[Scraped caption text data]
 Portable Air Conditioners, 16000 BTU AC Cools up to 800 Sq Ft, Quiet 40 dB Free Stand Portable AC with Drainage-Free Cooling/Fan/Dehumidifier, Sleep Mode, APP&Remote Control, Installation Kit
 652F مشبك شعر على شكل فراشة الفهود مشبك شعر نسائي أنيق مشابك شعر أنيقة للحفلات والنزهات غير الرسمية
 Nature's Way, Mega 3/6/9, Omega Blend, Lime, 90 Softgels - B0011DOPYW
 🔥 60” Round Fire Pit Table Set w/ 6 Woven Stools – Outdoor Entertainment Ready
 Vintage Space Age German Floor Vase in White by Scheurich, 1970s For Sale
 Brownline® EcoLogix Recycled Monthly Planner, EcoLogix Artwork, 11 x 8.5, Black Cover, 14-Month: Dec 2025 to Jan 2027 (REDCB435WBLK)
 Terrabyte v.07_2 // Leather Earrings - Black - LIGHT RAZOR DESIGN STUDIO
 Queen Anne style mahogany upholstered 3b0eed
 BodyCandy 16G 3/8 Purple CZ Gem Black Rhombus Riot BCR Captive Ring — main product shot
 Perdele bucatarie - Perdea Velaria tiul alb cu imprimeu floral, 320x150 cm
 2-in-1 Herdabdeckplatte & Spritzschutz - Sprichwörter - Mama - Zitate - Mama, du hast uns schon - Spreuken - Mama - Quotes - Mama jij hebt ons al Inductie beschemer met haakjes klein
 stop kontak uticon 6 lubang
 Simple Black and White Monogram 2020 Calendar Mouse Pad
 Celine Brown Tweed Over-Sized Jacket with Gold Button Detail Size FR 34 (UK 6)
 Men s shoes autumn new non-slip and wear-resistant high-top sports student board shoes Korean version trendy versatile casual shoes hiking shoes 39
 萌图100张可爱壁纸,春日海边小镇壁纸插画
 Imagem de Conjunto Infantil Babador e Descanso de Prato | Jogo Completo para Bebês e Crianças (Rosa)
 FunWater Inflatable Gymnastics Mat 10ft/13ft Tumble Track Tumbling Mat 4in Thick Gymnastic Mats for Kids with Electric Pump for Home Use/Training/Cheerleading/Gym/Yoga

- Exercise requirements -
What you return must be the lines above that run from the line with "Queen Anne style mahogany upholstered 3b0eed" to the line with "Perdele bucatarie - Perdea", inclusive, each copied exactly.

- Answer section -
 Queen Anne style mahogany upholstered 3b0eed
 BodyCandy 16G 3/8 Purple CZ Gem Black Rhombus Riot BCR Captive Ring — main product shot
 Perdele bucatarie - Perdea Velaria tiul alb cu imprimeu floral, 320x150 cm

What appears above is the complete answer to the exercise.